The core idea for UBI is simple and attractive: an unconditional monthly payment given to every citizen, forever. Its aim is to empower citizens to make choices unconstrained by the challenges of poverty and the compulsion to work long hours. Over the last century, this feature of UBI has, surprisingly, drawn vociferous support from across the political spectrum, including both the libertarian right and the freedom-embracing left.

Has UBI’s time now come? If so, how does it compare to a long history of similar-sounding and once popular proposals, such as a guaranteed income or a negative income tax? Fortunately, recent historical scholarship now enables us to think about UBI critically and in an informed way.

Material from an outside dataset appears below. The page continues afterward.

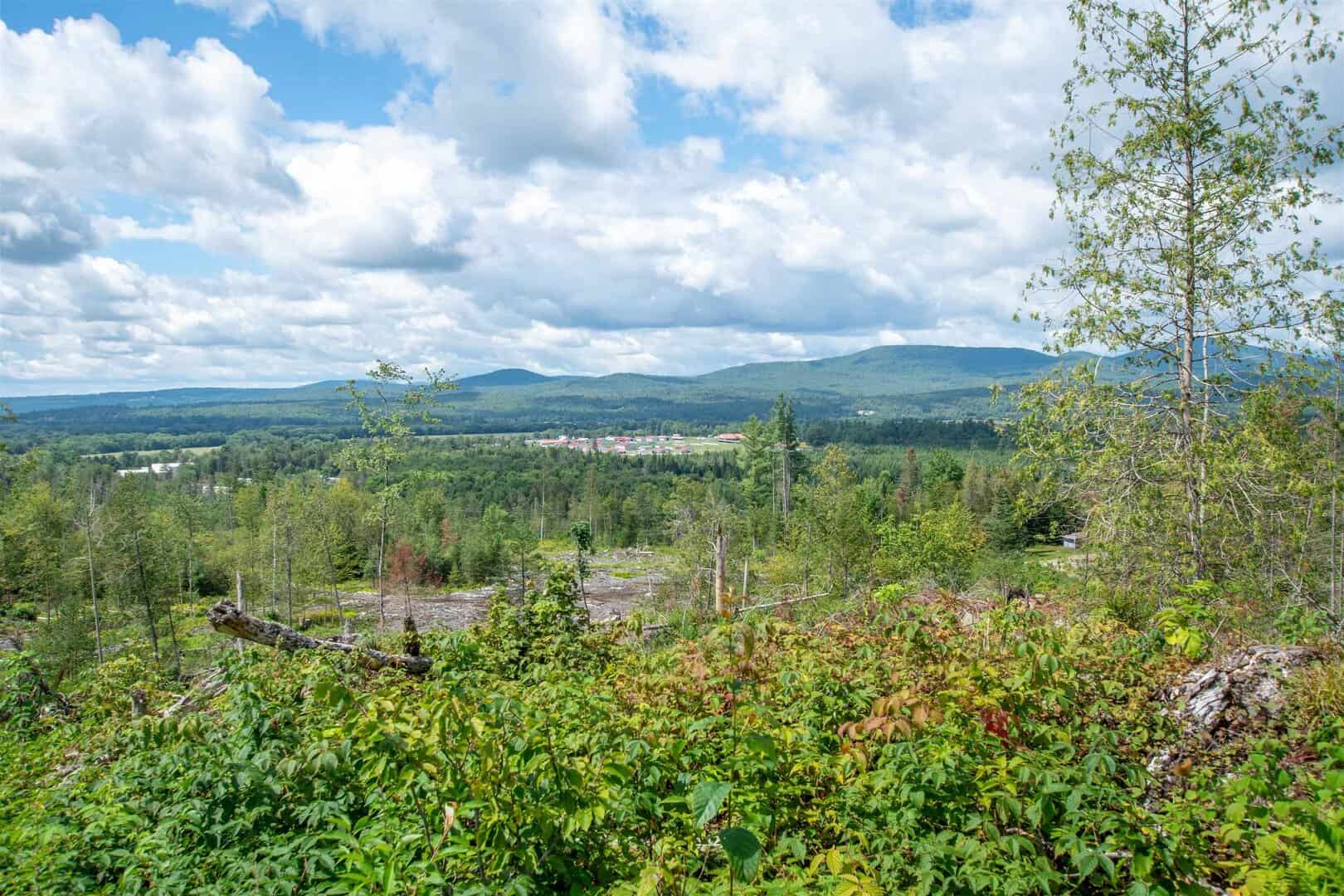 Recreational Land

The rise and popularity of UBI

UBI first came to the attention of policy officials in London and Washington DC following the end of the First World War. Proposed by the British radical thinkers Dennis and Mable Milner in 1918, the concept of a ‘scheme for a state bonus’, akin to a UBI, inspired similar ‘social dividend’ and ‘social credit’ schemes to be actively considered throughout the interwar decades. However, it was the well-known libertarian Milton Friedman who brought UBI-type policies to wider public attention in 1962, through proposing the idea of a negative income tax in his widely read book Capitalism and Freedom.

It is not hard to see the attraction of UBI for liberal thinkers, including Friedman. As a social scheme, UBI seems to provide a neat solution to the awkward problem of winners and losers in free market economies that are also voting democracies. By providing a guaranteed income, societal issues such as poverty can be removed without dismantling capitalist markets or undermining democratic institutions. But why have left-wing intellectuals and policy advocates been prepared to promote UBI over the last three to four decades?

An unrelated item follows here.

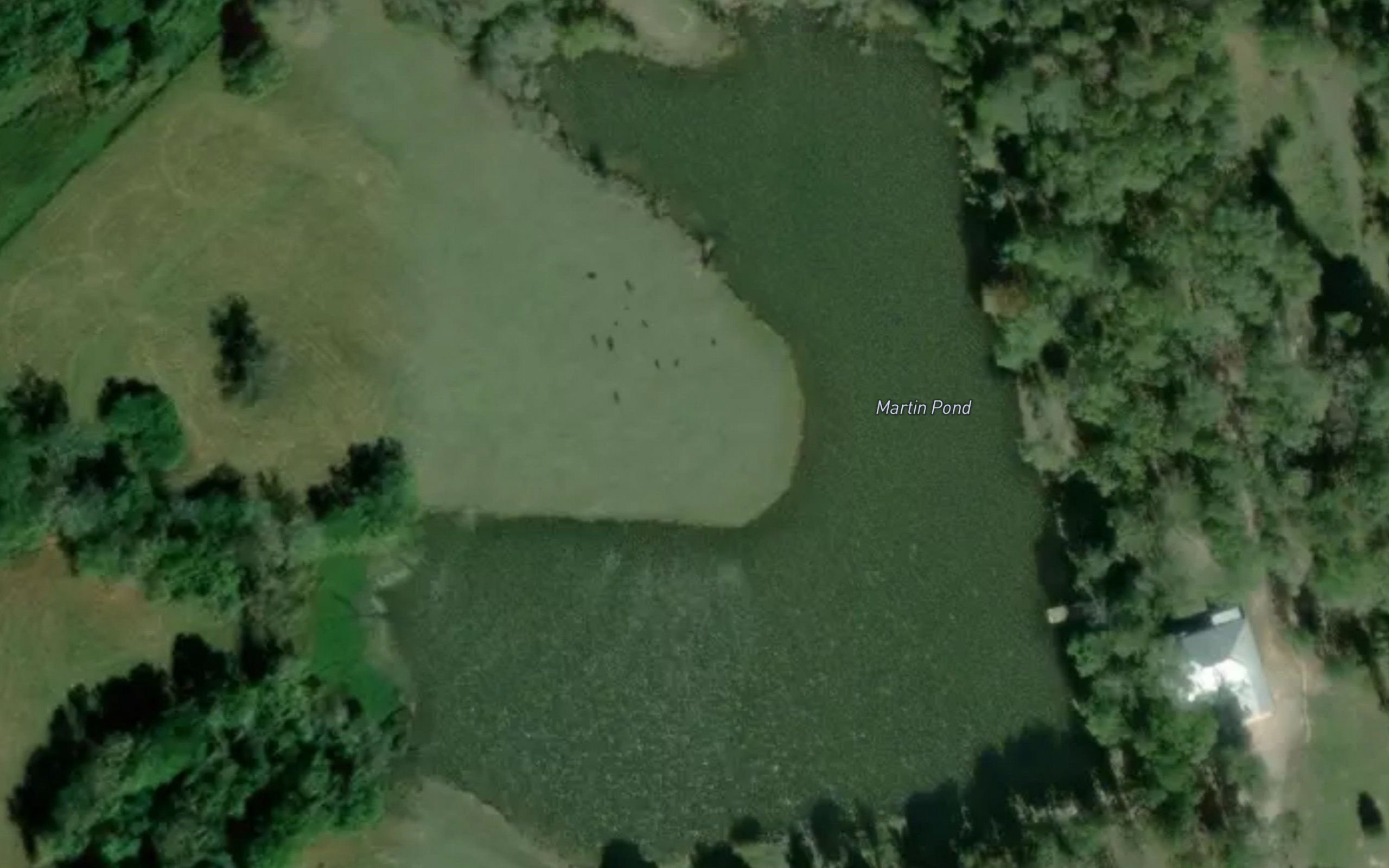 Martin Pond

The answer is varied. For many twentieth-century left-wing thinkers and politicians, a key factor was the widespread disillusionment in the ability of communist states or Keynesian managed economies to provide paid employment and a secure livelihood for the many following the crises of the 1970s. For others, it was the ‘cybernation frenzy’, that predicted intelligent machines would displace workers, and the influential positioning of Michel Foucault, that humans’ social and psychological existence must be treated as distinct from their economic role, that saw negative income tax and UBI schemes become popular with the left.

More recently, concerns over the freedoms of the individual provided a common ground for thinkers of both the New Left and the New Right, each identifying the ‘state’ as a common enemy. Following the growth of Reagonmics and Thatcherism in the 1980s, those on the New Right saw the expensive welfare state as a distortion, ‘crowding out’ the allocative efficiencies of the free market. To the New Left the welfare state was increasingly viewed as a pacifier of the exploited and excluder of the marginal. UBI provided a way for both sides to argue for basic financial support of marginalised members of society without requiring them to give anything in return.

Criticisms of UBI and an alternative way forward

Today the impending climate crisis and concerns over the cost of living has seen UBI rapidly move up the agenda. The previous neo-liberal mantra that economic growth is a rising tide lifting all boats is no longer credible, especially when it appears to be quite literally submerging many poor, low-lying communities on previously dry land. However, UBI is not a panacea that can address the economic and climate-related issues we face.

Though UBI is widely considered a putative solution to poverty, it does little to redress the structural inequalities that cause poverty. This is because, at its heart, UBI is a cash transfer that perpetuates, rather than reduces, the powerful corporate and financial forces of inequality that have kept the poorest citizens disempowered, unable to reform the world’s capital systems, which continue to wreak havoc on the environment.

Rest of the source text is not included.